The second consists of an unfolding of the contradiction between the private character of appropriation and the social character of production. As capitalism develops, the need for goods and services offered as public goods grows; behold, they are necessary to provide the infrastructure and community social protection that guarantee a certain unity to the system. Now, this provision burdens the budget of national states, which are ultimately fed by resources extracted from the productive sector of economies. Faced with the valuation crisis, they had nothing to do but fall into a privatization policy that tends to make public goods increasingly scarce. By eroding the common base of society, neoliberalism spreads poverty and nihilism, concentrates income and wealth, undermines liberal democracy, that is, certain foundations that give social and political support to capitalism itself.[iii]
The third contradiction concerns the transnationalization of production through financialization, companies operating in dozens of countries, global chains of components, digital platforms, etc. and the national character of macrosocial and macroeconomic regulation. As is known, the State is the instance of power that provides the missing unity in an environment where systemic dysfunctions frequently occur and which is permeated by antagonisms between individuals, groups and social classes. It is he, moreover, who seeks to find a solution to the problems caused by the very functioning of the mode of production. However, many problems are now being generated on a global scale, beyond the power of national states to intervene. More than that, they often find themselves constrained by powers that thrive internationally and override them.
Finally, it is necessary to mention the contradiction between the inherently predatory character of capitalist production and the demands for conservation and regeneration of the natural environment – which include the reproduction of the workforce. There is a certain consensus in critical thinking that there is a growing “metabolic rupture” between commodity production through which capital is realized as such and the natural conditions of production.

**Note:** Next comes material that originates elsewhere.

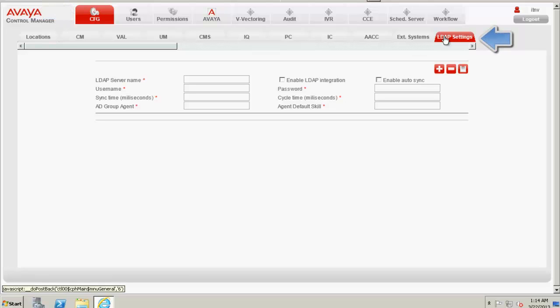Once we have added a user who has complete access to the LDAP tree, which means the administrative user, and associate that user to an Active Directory group, the next step is to perform the core integration of the LDAP with ACCCM.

Behold, the ecological conditions for the sustainability of human civilization are being eroded with unprecedented speed by a process of capital accumulation that cannot stop and, therefore, cannot fail to receive priority in each of the nations that make up this civilization. Even if international agreements are made, for example, to reduce carbon emissions, they continue to grow; behold, they grow even if the generation of this type of pollution is already at a very critical level.
By not guaranteeing the sustainability of human civilization on planet Earth, capitalism has become unsustainable. It is from this consideration that Smith arrives at his twilight thesis: “Together, these interrelated crises suggest that we have already entered the twilight era of capitalism – an era in which humanity finds the means to create a social order and economic organization. more rational or in which the progressive decay of capitalism will bring with it the destruction of human civilization”.
* Eleutério FS Prado is a full and senior professor at the Department of Economics at USP. Author, among other books, of Complexity and praxis (Pleiad).
Notes
[I] Smith, Murray EG – Invisible Leviathan – Marx's law of value in the twilight of capitalism. New York: Haymarket Books, 2018.
[ii] See Prado, Eleutério FS – The future of the world economy. In: the earth is round, June 8, 2021. https://dpp.cce.myftpupload.com/o-futuro-da-economia-mundial/
[iii] See Brown, Wendy - Explaining our morbid symptoms. In: Other words, June 30, 2021.